But Trump’s losses aren’t translating to Democratic gains. The polling so far suggests that the voters disillusioned by Trump similarly dislike the Democrats — and are more likely to leave politics altogether than align themselves with the Democratic Party.

Congressional Democrats — and their party’s national brand — remain dismal: Some 37 percent of voters view the party favorably, while about 60 percent view them unfavorably, according to YouGov’s tracking surveys.

Compare that to the GOP’s slightly better standing among voters in the same polls: 40 percent approve while 55 percent disapprove. Despite the early chaos and deluge of news during the first months of the Trump presidency, Republicans are either viewed more favorably than Democrats or running even with them in head-to-head polling.

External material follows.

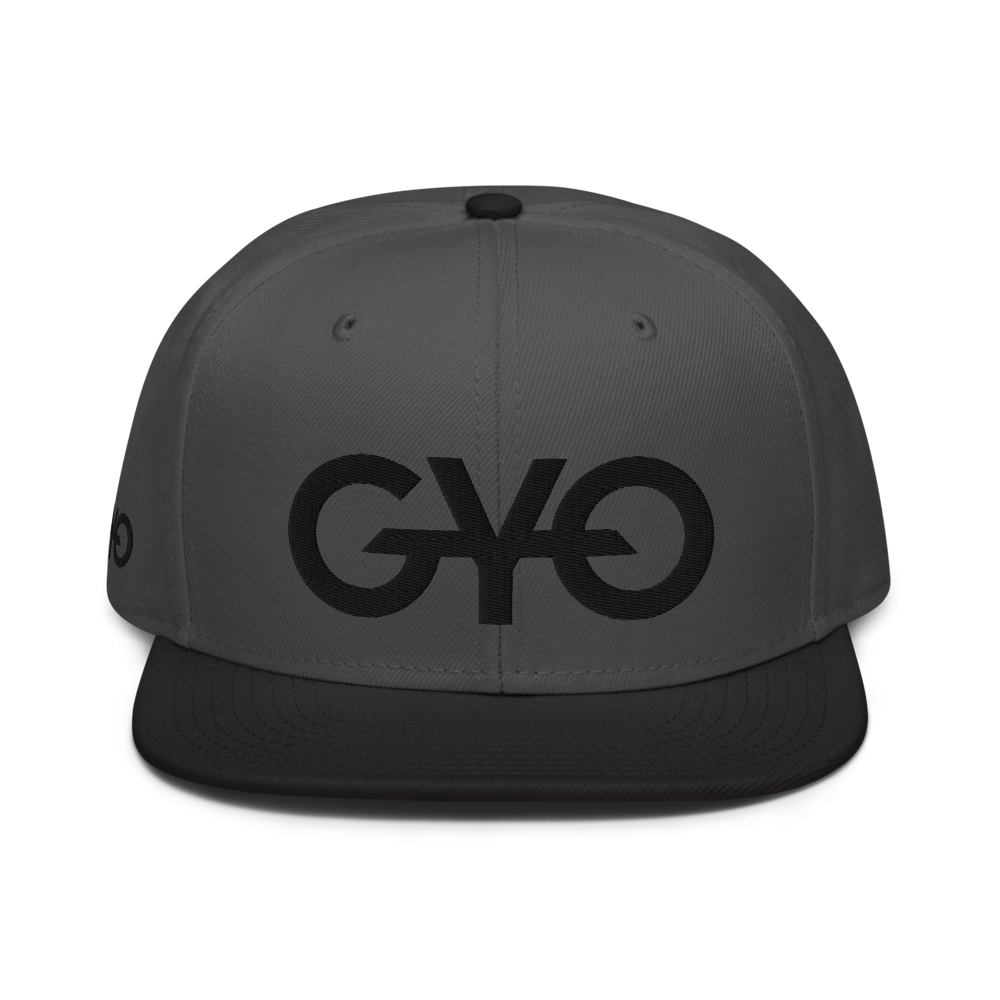 GYO Gray/Black Snapback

That dynamic is very different from how the parties were viewed during Trump’s first term. At this point in 2017, when Trump’s job approval was similarly spiraling downward, Democrats enjoyed a modest, but constant, edge of support over Republicans as a majority of the country turned even more negatively against Trump’s first-term agenda and performance. They sustained that advantage — generally a 3- to 6-point margin — through the 2018 “blue wave” midterms and beyond.

In 2025, the picture is more evenly divided: a broadly unpopular president and two unpopular parties.

A few interconnected reasons explain why Democrats are stuck in this conundrum — and offer some insight into what they have to do to get out of it.

Democrats aren’t seen as a credible alternative — yet

So why aren’t newly anti-Trump voters flocking to Democrats? Perhaps the most important reason is that they don’t see Democrats as a better alternative.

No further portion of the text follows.